DATASET CONTENT –
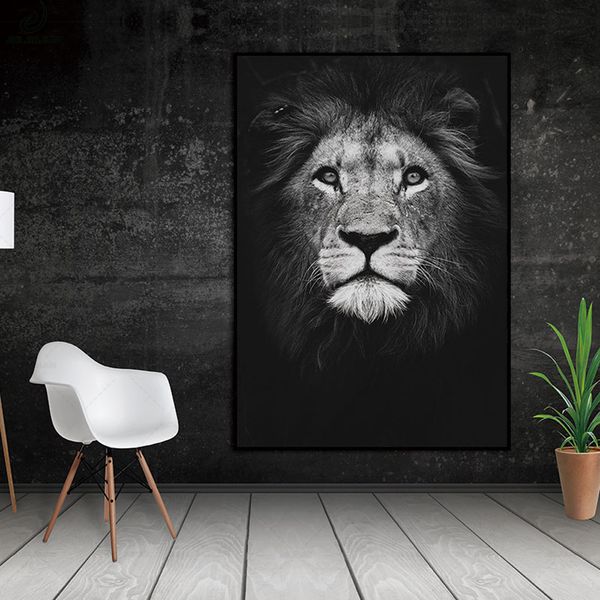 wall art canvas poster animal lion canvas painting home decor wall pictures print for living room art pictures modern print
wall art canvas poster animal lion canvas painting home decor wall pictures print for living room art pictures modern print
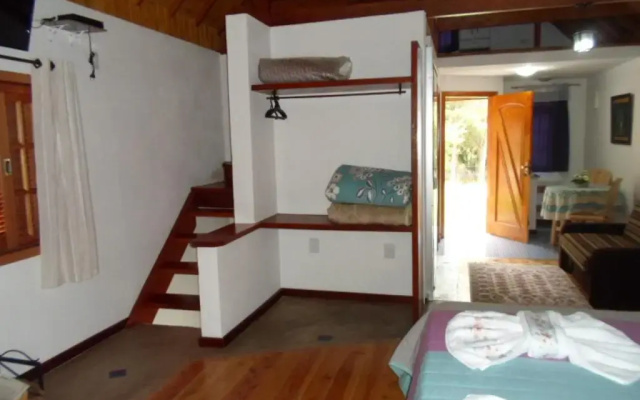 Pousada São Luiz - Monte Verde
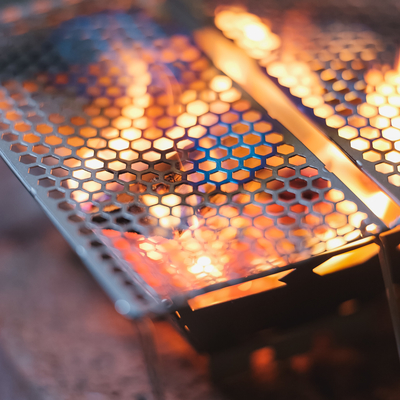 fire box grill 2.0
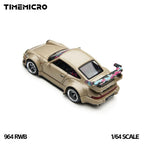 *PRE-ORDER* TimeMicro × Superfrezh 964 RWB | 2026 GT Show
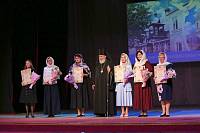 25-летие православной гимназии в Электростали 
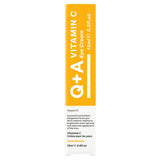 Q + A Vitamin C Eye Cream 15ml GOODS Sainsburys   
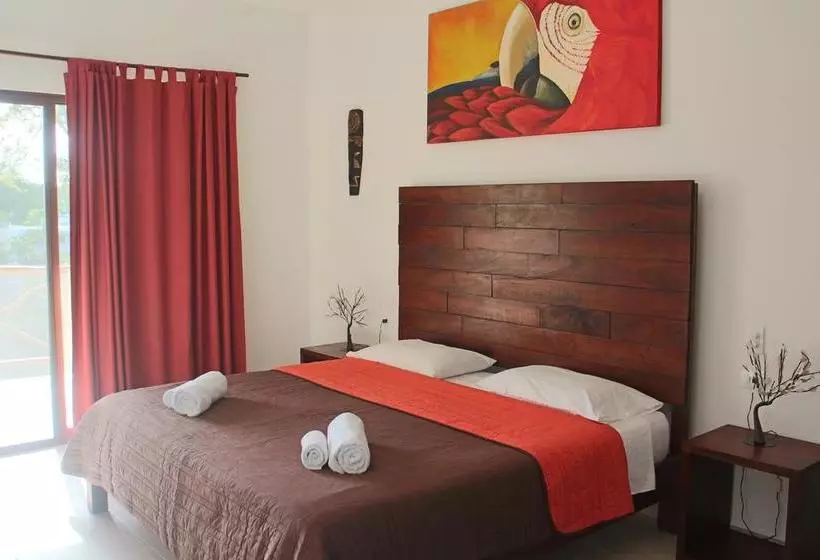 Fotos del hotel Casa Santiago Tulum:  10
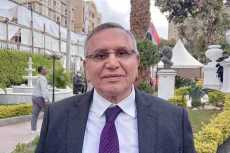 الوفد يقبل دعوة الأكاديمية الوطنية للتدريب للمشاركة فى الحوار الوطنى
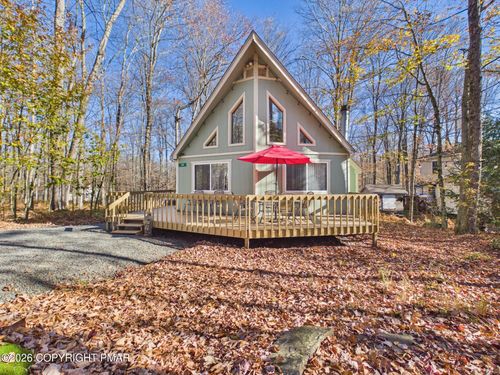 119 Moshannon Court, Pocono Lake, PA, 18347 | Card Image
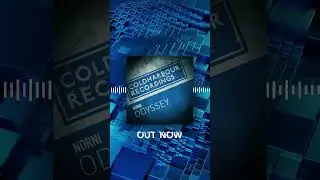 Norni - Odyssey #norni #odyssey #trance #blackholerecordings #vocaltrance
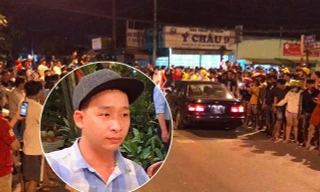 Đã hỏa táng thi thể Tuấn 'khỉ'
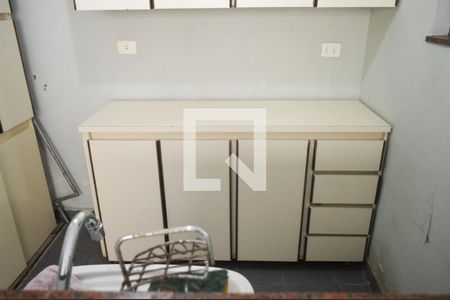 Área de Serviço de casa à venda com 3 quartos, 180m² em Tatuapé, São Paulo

WHAT NEEDS TO BE DONE – The records above must be repeated in full and exactly, but without any of the pictures.

TASK ANSWER –
 wall art canvas poster animal lion canvas painting home decor wall pictures print for living room art pictures modern print
wall art canvas poster animal lion canvas painting home decor wall pictures print for living room art pictures modern print
 Pousada São Luiz - Monte Verde
 fire box grill 2.0
 *PRE-ORDER* TimeMicro × Superfrezh 964 RWB | 2026 GT Show
 25-летие православной гимназии в Электростали 
 Q + A Vitamin C Eye Cream 15ml GOODS Sainsburys   
 Fotos del hotel Casa Santiago Tulum:  10
 الوفد يقبل دعوة الأكاديمية الوطنية للتدريب للمشاركة فى الحوار الوطنى
 119 Moshannon Court, Pocono Lake, PA, 18347 | Card Image
 Norni - Odyssey #norni #odyssey #trance #blackholerecordings #vocaltrance
 Đã hỏa táng thi thể Tuấn 'khỉ'
 Área de Serviço de casa à venda com 3 quartos, 180m² em Tatuapé, São Paulo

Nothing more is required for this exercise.